Nothing outside the range is wanted. Repeat exactly the lines below from the one with "Pelargonium elegans" through the one with "Pengedar di Tanah".

_Input material:_
▽

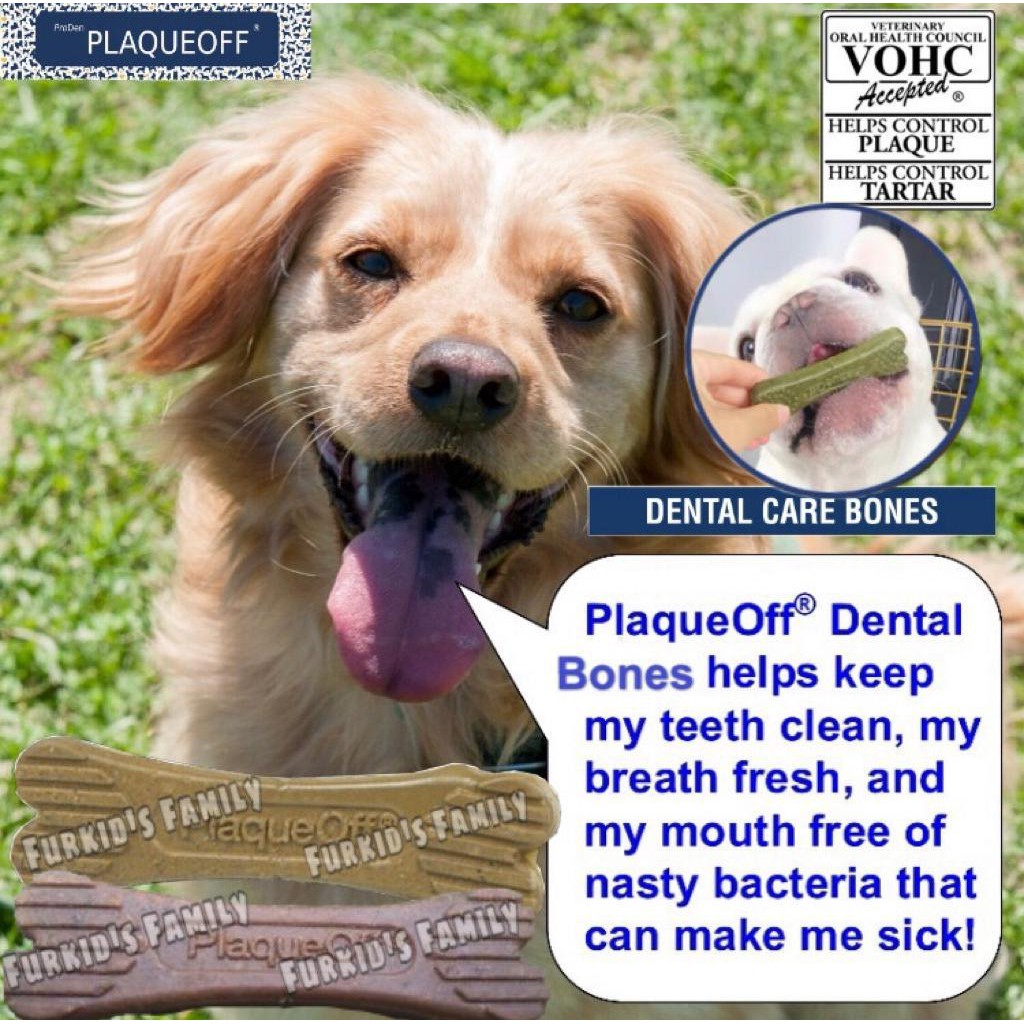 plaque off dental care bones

△
▽

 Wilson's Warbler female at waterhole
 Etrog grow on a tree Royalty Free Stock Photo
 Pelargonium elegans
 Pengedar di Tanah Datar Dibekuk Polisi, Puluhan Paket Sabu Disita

△
▽

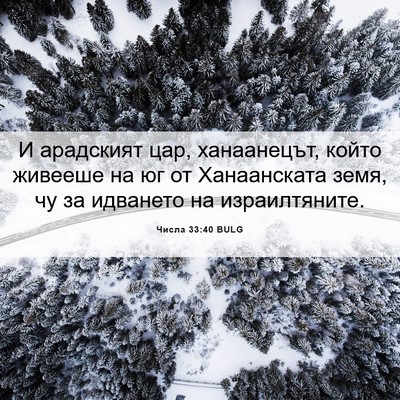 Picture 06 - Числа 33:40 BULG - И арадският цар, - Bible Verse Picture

△

_Answer to this task:_
 Pelargonium elegans
 Pengedar di Tanah Datar Dibekuk Polisi, Puluhan Paket Sabu Disita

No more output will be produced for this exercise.